In chapter 5 of his book, Daniel Corstange examines in detail the political landscape of Lebanon and Yemen. Using a variety of different credible sources, the author not only demonstrates that both countries have an unprecedented level of clientelism (this fact is well-known and proved) but also outlines the primary causes and trends related to this phenomenon. Unfortunately, despite the substantial research work, Corstange’s analysis is incomplete. The author offers an overview of causes of clientelism in both countries but does not mention the dangers of this phenomenon and possible solutions to the existing situation.
In its essence, clientelism is absolutely similar to political machines that successfully functioned in American politics up to the second half of the 20th century. Both concepts suppose an exchange of voters’ preferences for material goods or services. Interestingly, Corstange (2016) mentions American political machines several times but does not draw a substantial analogy between them and clientelism in Lebanon and Yemen. At the same time, this comparison would significantly strengthen his analysis. For example, it would reveal that the primary reason for the appearance of political machines and clientelism is low quality of living conditions, economic instability, and absence of governmental support. Other details that Corstange (2016) outlines, such as religious background, unequal distribution of population between urban and rural areas, peoples’ distrust towards politicians, and the existence of extended families and clans are only secondary factors that shape the image of clientelism in the Middle East.
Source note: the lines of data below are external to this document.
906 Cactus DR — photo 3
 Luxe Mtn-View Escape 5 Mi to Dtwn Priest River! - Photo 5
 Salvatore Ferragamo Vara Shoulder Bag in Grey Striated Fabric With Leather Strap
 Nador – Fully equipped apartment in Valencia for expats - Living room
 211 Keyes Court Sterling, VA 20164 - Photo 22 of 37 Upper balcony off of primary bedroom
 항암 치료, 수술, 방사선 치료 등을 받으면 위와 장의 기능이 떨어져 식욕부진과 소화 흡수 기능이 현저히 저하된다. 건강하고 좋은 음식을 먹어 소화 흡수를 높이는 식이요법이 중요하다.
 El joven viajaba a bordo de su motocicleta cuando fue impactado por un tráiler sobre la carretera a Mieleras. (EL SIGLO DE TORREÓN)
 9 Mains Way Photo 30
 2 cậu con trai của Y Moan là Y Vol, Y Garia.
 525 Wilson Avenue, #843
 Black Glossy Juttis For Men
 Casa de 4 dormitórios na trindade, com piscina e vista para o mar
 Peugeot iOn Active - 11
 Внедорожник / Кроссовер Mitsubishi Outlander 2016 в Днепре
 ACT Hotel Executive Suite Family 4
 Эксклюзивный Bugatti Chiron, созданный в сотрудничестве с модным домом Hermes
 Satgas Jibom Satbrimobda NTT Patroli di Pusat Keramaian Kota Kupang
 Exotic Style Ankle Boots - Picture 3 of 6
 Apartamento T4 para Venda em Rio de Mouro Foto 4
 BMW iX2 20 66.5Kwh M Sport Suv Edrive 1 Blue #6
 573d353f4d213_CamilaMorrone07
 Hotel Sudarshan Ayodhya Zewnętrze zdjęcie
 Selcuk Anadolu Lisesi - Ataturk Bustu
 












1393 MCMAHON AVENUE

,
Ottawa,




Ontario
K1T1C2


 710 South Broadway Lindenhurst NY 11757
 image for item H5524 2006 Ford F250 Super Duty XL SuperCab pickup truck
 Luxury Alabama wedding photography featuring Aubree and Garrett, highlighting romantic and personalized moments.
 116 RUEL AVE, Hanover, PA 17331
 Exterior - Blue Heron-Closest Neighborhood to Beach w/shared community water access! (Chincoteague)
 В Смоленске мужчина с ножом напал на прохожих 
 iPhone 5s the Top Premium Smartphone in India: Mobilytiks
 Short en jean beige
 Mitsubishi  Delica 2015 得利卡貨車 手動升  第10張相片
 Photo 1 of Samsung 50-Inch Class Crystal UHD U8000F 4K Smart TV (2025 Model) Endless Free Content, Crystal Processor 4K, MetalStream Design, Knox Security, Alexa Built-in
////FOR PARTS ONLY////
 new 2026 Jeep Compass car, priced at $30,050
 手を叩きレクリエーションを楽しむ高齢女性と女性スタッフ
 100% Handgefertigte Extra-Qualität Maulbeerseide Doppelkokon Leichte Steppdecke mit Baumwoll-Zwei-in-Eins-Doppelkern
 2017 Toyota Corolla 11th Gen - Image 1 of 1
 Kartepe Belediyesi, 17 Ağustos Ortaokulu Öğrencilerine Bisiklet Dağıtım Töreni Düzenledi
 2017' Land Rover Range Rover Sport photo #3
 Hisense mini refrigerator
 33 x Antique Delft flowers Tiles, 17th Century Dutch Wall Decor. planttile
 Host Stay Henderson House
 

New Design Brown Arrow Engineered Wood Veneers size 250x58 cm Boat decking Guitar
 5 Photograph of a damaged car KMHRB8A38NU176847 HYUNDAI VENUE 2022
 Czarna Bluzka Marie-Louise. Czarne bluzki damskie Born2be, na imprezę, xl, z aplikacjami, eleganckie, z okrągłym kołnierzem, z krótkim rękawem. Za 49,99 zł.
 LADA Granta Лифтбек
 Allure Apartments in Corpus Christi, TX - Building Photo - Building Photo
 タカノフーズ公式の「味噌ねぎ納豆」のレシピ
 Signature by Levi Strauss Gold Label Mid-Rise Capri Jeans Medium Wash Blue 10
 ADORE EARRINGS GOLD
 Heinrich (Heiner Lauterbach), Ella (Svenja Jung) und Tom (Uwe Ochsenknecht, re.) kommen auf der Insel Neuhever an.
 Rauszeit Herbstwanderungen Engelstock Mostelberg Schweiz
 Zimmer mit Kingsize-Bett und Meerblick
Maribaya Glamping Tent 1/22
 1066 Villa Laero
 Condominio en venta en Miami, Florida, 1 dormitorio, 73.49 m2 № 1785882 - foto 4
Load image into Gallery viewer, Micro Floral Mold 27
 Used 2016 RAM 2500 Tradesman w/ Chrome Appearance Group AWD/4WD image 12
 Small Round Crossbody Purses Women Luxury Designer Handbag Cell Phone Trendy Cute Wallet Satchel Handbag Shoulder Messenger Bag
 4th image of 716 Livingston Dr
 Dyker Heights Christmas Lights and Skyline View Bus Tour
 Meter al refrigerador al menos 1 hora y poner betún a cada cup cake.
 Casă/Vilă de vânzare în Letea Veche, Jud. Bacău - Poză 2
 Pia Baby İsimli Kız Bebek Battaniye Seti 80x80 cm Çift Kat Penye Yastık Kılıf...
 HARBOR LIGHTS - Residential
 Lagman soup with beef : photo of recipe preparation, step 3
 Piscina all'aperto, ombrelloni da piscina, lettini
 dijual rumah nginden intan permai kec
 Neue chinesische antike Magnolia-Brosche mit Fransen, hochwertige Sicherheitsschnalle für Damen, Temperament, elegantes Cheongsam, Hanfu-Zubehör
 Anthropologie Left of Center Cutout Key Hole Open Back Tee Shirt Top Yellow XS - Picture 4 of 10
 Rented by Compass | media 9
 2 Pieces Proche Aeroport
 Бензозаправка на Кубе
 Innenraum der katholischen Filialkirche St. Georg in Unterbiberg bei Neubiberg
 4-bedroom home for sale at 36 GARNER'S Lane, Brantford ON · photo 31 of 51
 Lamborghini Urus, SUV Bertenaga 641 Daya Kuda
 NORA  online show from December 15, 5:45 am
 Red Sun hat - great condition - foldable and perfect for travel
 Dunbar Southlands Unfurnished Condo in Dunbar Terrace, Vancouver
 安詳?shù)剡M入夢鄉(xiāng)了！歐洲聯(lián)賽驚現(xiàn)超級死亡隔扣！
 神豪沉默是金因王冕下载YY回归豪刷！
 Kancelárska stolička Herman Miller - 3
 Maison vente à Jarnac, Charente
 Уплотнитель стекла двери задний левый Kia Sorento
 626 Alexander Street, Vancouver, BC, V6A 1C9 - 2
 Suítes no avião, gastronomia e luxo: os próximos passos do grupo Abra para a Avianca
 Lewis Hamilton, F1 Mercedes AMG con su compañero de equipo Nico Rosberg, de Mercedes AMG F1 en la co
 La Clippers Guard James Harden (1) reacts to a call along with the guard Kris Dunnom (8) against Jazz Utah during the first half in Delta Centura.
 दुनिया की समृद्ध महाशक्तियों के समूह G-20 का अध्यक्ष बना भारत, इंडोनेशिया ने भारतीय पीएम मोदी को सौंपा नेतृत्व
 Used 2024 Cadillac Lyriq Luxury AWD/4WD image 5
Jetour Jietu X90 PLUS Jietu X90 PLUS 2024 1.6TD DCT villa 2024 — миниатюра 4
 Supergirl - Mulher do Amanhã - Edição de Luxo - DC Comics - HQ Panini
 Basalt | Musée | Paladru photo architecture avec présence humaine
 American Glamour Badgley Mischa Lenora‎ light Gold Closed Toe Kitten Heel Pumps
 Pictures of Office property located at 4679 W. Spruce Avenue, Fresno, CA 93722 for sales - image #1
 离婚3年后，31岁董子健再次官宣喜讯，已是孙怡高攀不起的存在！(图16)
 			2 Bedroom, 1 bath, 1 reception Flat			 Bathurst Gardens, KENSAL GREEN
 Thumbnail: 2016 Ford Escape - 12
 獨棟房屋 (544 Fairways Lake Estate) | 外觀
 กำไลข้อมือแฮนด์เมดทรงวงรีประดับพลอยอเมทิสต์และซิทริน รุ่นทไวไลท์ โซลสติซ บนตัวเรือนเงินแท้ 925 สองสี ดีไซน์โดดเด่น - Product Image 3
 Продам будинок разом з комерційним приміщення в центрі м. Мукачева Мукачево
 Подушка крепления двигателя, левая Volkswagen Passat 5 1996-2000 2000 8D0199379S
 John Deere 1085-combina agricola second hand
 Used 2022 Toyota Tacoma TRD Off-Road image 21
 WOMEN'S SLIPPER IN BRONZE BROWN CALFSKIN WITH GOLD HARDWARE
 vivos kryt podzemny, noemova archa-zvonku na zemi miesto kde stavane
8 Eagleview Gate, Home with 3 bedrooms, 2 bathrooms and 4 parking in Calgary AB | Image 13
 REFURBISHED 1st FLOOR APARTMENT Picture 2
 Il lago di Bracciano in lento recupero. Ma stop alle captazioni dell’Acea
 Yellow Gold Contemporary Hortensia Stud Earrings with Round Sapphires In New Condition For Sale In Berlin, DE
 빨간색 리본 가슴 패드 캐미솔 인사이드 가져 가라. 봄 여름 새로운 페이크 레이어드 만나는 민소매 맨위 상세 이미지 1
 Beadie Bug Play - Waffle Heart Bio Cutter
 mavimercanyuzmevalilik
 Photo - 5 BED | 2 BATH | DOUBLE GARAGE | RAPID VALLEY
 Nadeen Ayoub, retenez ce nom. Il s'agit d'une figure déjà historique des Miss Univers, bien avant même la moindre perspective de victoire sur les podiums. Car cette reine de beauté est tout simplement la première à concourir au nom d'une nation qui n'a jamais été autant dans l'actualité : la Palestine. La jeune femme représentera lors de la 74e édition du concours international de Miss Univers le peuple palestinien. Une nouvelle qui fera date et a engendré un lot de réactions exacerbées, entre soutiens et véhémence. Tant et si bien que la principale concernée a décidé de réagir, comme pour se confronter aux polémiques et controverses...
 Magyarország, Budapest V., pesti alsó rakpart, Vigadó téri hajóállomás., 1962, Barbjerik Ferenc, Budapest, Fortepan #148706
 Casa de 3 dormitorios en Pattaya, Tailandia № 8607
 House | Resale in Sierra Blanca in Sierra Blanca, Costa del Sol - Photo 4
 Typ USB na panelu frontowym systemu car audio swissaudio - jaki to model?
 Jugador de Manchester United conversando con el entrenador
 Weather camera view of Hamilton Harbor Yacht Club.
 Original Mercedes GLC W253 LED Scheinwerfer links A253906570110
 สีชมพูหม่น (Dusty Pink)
A number of negative influences rises from the nature of this phenomenon, but Corstange ignores them almost completely at his chapter.
Firstly, from his writing one may conclude that although clientelism has certain flaws, it is still a win-win situation where politicians receive votes and ordinary people receive a material help instead of unrealistic promises. However, in reality, the situation is more complex. Like the bosses of political machines, those politicians who promote clientelism are not interested in providing goods and services to all their voters because they want to receive the majority of votes, not all of them. That is why politicians in Yemen and Lebanon focus primarily on large families and people in rural areas (Corstange, 2016). As a result, such a strategy only increases the economic disparity in local societies. Secondly, clientelism is not aimed at improving the lives of ordinary people because in this case, local politicians will spend more resources to receive the same amount of support. In other words, clientelism diminishes the value of a single vote and thus serves as an obstacle for the establishment of democratic institutions. All these details are not covered in Corstange’s chapter. In addition, the author does not mention possible solutions to the problem of clientelism. Considering the fact that this concept represents one of the forms of corruption, there are two primary ways to eliminate it. One way is to adopt a Chinese political model that successfully struggles against corruption through intensive centralization of power. Taking into account the religious landscape of Yemen and Lebanon, this model looks viable. Another way supposes the popularization of democratic values and improving the overall quality of life. In these conditions, ordinary people start to understand the real value of their votes and clientelism simply does not work effectively. Both solutions are complex and require further discussion but do not receive it in Corstange’s writing. All in all, the chapter in Corstange’s book leaves an ambiguous impression after its reading.
On the one hand, the author’s research represents a substantial explanation of the existence of clientelism in Lebanon and Yemen. On the other hand, however, it does not discuss the negative influence of this phenomenon and possible solutions to this issue. In addition, the entire analysis lacks historical parallels that could offer answers to some important questions. Thus, this chapter should be read as a starting point by those who want to get a better understanding of the current state of politics in Middle Eastern countries.